Assigned task:
What this exercise needs is every entry restated as written, with no pictures.

Data supplied:

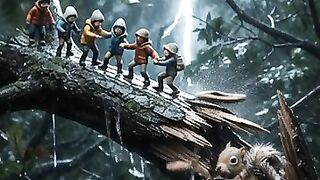 Rescue Team Saves Baby Squirrel from Fallen Tree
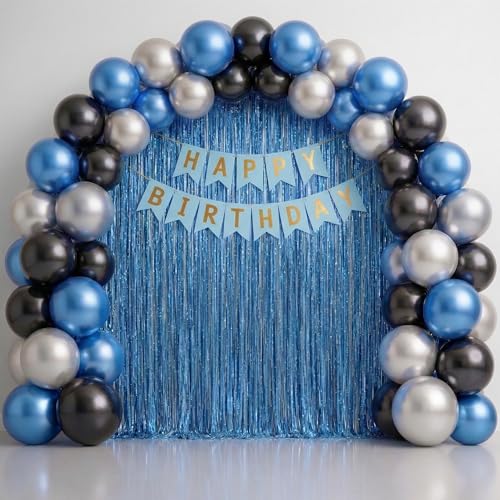 Image of Just Party Happy Birthday Decoration Kit, Blue Silver and Black - Pack of 60 | Super Shinny Balloons for Birthday Decoration | Birthday Balloons for Kids & Adults | Super Shinny Foil Fringe Curtains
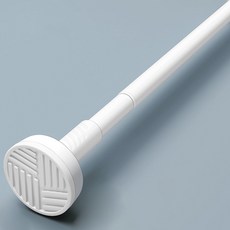 HIGHER DECO 超強力可調節長度免釘強力窗簾伸縮桿, 白色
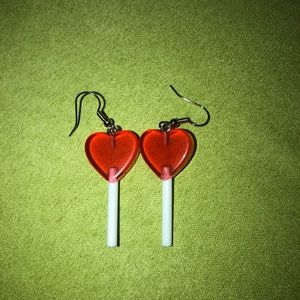 Red lollipop earrings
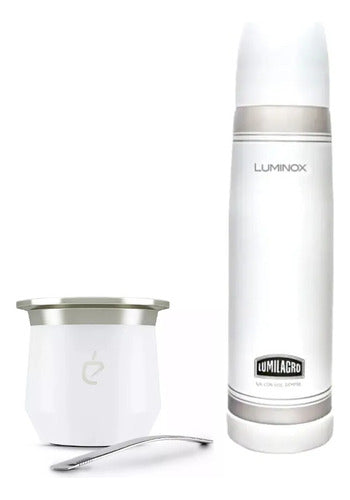 Lumilagro Set Termo Luminox Blanco + Un Mate 230ml + Bombilla 0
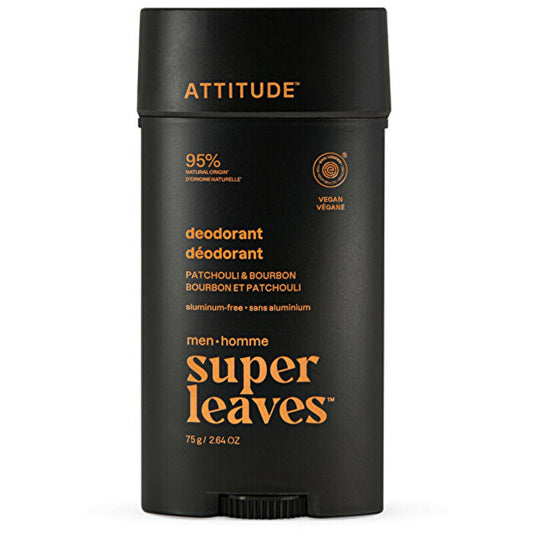 Attitude Super Leaves Patchouli & Bourbon Deodorant - Přírodní Pánský Deodorant 75.0g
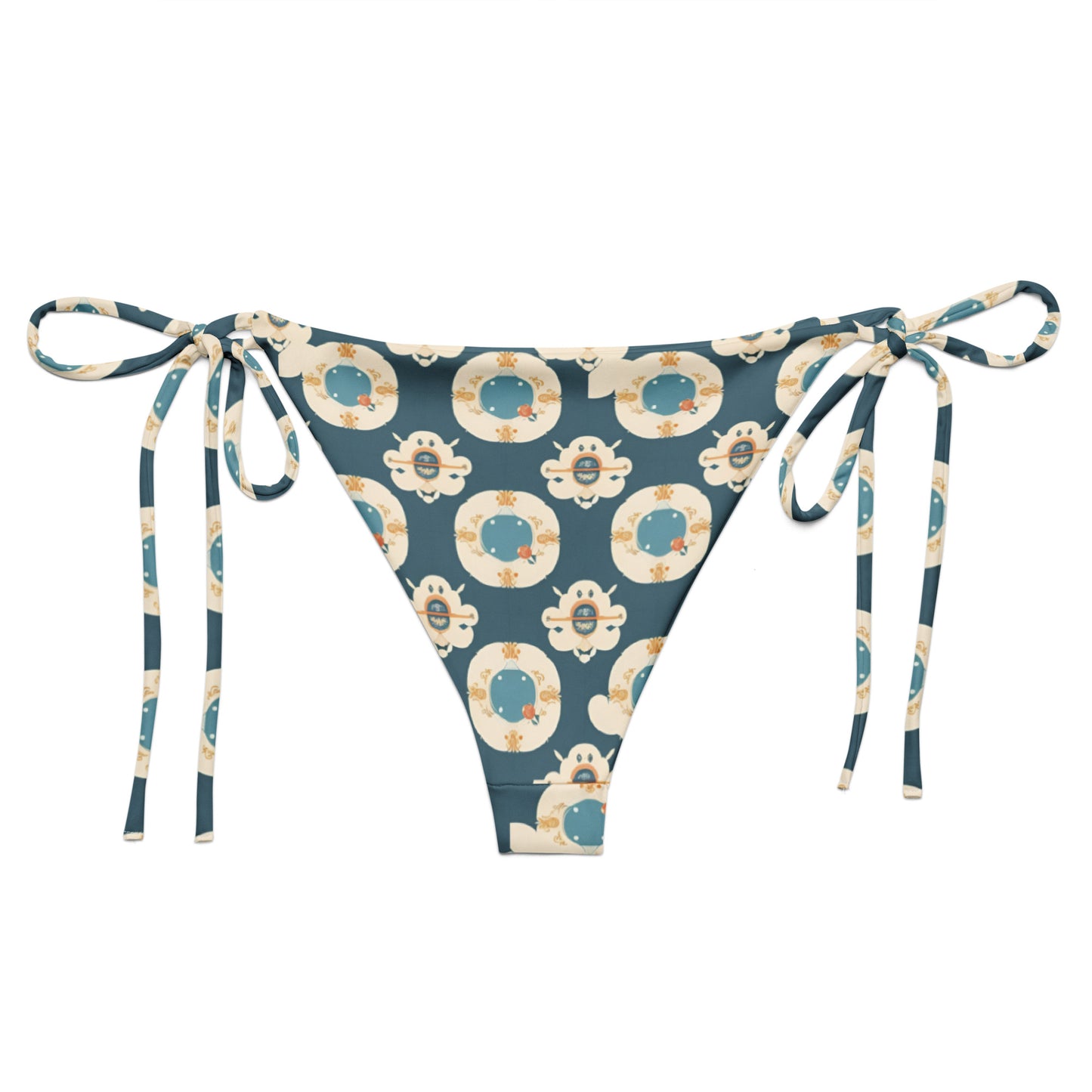 All-over print recycled string bikini bottom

Result of the exercise:
 Rescue Team Saves Baby Squirrel from Fallen Tree
 Image of Just Party Happy Birthday Decoration Kit, Blue Silver and Black - Pack of 60 | Super Shinny Balloons for Birthday Decoration | Birthday Balloons for Kids & Adults | Super Shinny Foil Fringe Curtains
 HIGHER DECO 超強力可調節長度免釘強力窗簾伸縮桿, 白色
 Red lollipop earrings
 Lumilagro Set Termo Luminox Blanco + Un Mate 230ml + Bombilla 0
 Attitude Super Leaves Patchouli & Bourbon Deodorant - Přírodní Pánský Deodorant 75.0g
 All-over print recycled string bikini bottom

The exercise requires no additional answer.